Tangled up in blue

Buster Blue

Buster Blue is happy to see you! Brendon Lund, Junior Loughmiller, Jason Ricketts, Rachael McElhiney, Andrew Martin, Jay Escamillo and Bryan Jones.

Buster Blue is happy to see you! Brendon Lund, Junior Loughmiller, Jason Ricketts, Rachael McElhiney, Andrew Martin, Jay Escamillo and Bryan Jones.

Photo by BRAD BYNUM

A few members of Buster Blue and I sit in the patent white leather seats next to the collaged walls at their favorite watering hole, St. James Infirmary. Bryan Jones, the lead singer with a very rock ‘n’ roll name, sits next to me, fingering his Guinness and occasionally pushing his chunky black rims to the top of his nose. His blue eyes attentively watch my pen scribbling notes.
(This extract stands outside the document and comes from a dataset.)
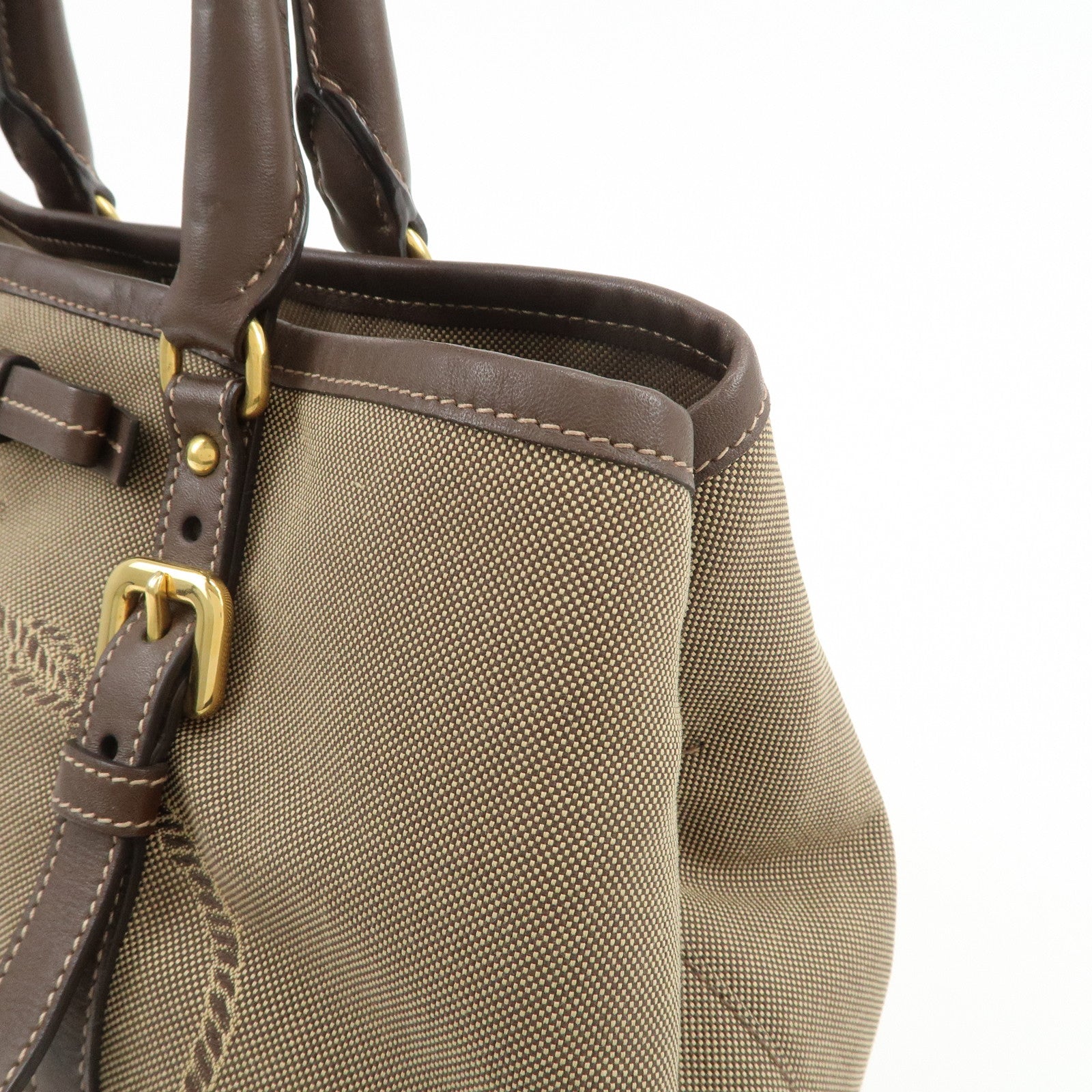 PRADA Jaguard Canvas Leather 2Way Tote Bag Shoulder Bag BN1841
“We met at the Back to the Future 3 premiere,” says Jason Ricketts, the accordion and keyboard player. He is the joker of the band, constantly cracking jokes over the mellower Jones and bassist Brendon Lund, who sit quietly and answer my questions.
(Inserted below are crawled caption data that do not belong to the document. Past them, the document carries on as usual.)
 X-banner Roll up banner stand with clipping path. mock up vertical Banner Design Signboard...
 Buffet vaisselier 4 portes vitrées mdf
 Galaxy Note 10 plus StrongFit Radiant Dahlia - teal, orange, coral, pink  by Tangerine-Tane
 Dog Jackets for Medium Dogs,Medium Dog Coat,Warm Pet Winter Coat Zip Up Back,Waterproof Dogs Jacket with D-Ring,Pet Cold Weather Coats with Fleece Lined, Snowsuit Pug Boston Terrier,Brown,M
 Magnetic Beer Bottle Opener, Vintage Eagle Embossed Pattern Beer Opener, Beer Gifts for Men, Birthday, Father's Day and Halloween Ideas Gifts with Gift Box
Buster Blue’s first album, This Beard Grows for Freedom, was released in February by Dam Road Records and is available online at Cdbaby.com and at Sundance Bookstore.

Buster Blue has been playing music together for over two years. All graduates from Douglas High School, they are Nevada natives who grew up together. They’re babies from Gardnerville that sound like 40-year-chain-smoking-whiskey-drinking-blues musicians out of Nashville. Bryan Jones and Andy Martin write the majority of the songs, and the band gets together at practice to arrange them.

“We try to play music that feels like Reno,” Jones says. “We don’t think everything in Reno sucks, we’re proud of the place we come from.”

“It’s more like Reno spiritual music for heavy drinkers,” Ricketts chimes in.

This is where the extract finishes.